It’s Corn on the Cob Day, a great time to celebrate a very math-y food. For one thing, the kernels grow in nice neat rows, and any ear of corn will have an even number of rows in total. There are usually 16 rows, holding 800 kernels. Usually just 1 or 2 ears grow on each corn stalk, but in 2019 farmer Matthew Jacovelli broke the world record with a plant that had 29 ears! Growing more ears is a good thing, since we use corn to make more than 3,500 other things, including foods like popcorn, cereal and marshmallows, and even non-food stuff like fireworks, glue, shoe polish, and plastic. Ew! We think the tastiest way to enjoy corn might be right off the cob.
Wee ones: Corn can grow in many colors: purple, green, blackish, bluish, red, white, and of course yellow.

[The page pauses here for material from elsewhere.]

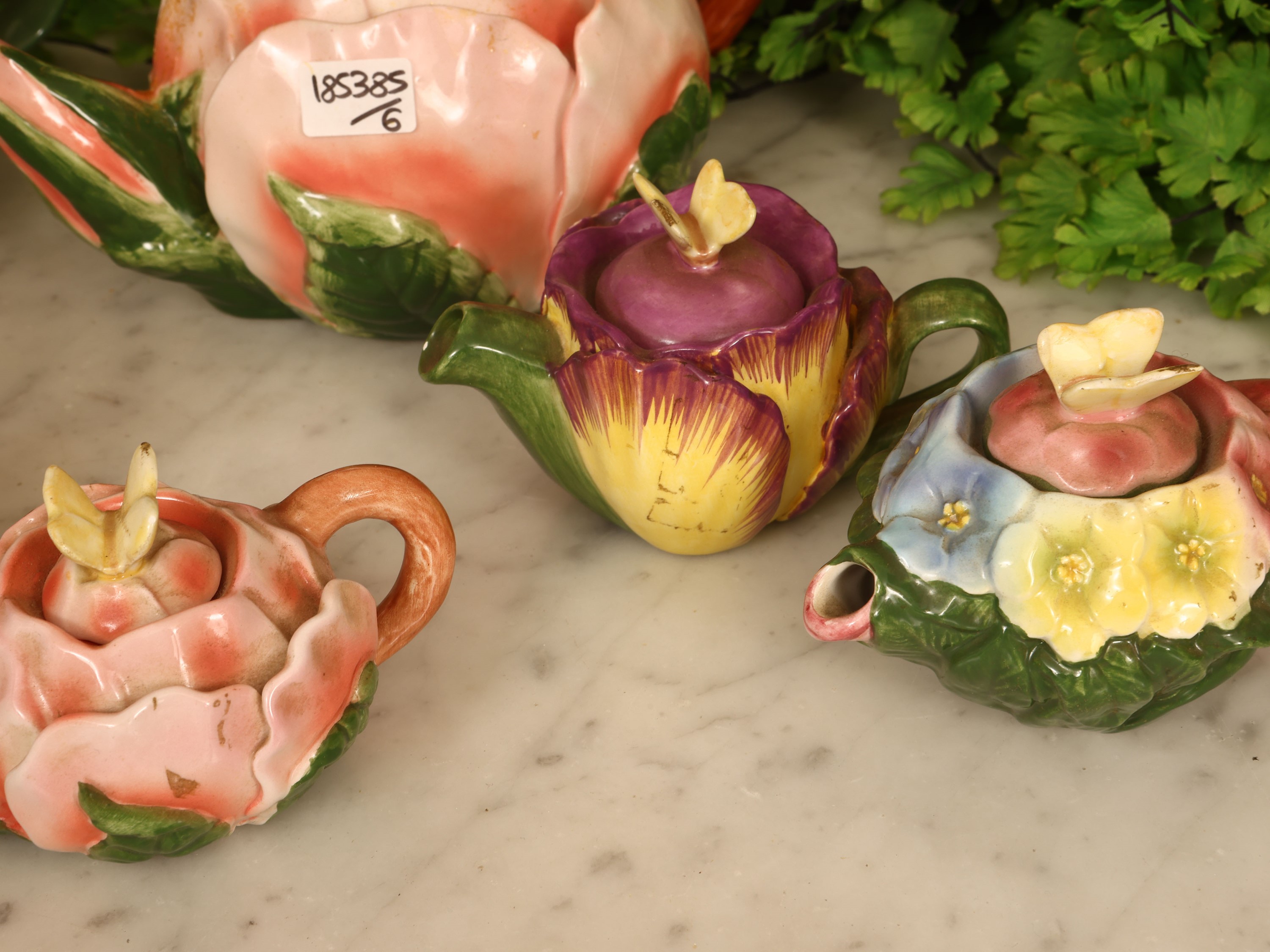Sei teiere in ceramica policroma, decorazioni floreali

How many colors is that?
Little kids: If an ear of corn has to have an even number of rows, can it have 5 rows? Bonus: If an ear has 16 rows and you munch them one at a time until there are 10 left, what numbers do you say to count down the rows you eat?
Big kids: A bushel (8-gallon barrel) of corn has enough sugar to sweeten 400 cans of soda! How many cans can you sweeten with 2 bushels? Bonus: If you start at row 1 and eat every 3rd row of corn as you go 1 full time around a cob with 16 rows, how many rows do you eat without passing where you started?

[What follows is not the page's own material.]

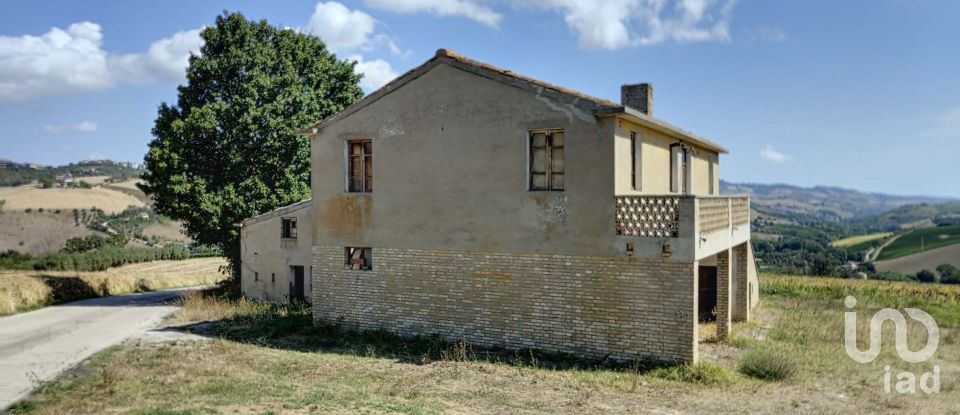 Townhouse 5 rooms of 220 m² in Carassai (63063)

The sky’s the limit: If an ear of corn has 800 kernels in 16 rows, how many in each row? (Hint if needed: To divide a number by 16, just cut it in half 4 times in a row.)
Answers:
Wee ones: 7 colors.
Little kids: No, since 5 is an odd number. Bonus: 16, 15, 14, 13, 12, 11.
Big kids: 800 cans. Bonus: 6 in total: you’ll eat rows 1, 4, 7, 10, 13, and 16.
The sky’s the limit: 50 kernels per row.